_Work task_: Could you output only the lines from the one containing "Cette propriété rare" through the last line of the data, both included?

Extracted records

——————————

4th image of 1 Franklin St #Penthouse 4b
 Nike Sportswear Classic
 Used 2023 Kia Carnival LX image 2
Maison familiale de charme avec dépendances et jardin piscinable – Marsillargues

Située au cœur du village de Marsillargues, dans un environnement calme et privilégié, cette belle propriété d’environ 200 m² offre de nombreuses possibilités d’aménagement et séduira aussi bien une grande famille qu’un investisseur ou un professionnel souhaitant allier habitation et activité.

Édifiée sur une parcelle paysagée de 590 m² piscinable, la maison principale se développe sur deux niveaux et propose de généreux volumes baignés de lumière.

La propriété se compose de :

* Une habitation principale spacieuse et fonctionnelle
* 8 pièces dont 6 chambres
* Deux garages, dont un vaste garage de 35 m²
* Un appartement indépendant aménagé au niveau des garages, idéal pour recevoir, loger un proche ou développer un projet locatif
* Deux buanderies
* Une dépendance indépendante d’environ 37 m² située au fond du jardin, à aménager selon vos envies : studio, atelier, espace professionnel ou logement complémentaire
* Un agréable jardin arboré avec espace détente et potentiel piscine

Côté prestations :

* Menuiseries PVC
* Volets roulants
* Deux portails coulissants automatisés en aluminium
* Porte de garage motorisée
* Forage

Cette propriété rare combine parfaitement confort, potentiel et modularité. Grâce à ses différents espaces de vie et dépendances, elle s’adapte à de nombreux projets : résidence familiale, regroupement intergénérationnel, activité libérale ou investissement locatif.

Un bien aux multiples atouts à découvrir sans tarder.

——————————

_Solution for this exercise_:
Cette propriété rare combine parfaitement confort, potentiel et modularité. Grâce à ses différents espaces de vie et dépendances, elle s’adapte à de nombreux projets : résidence familiale, regroupement intergénérationnel, activité libérale ou investissement locatif.

Un bien aux multiples atouts à découvrir sans tarder.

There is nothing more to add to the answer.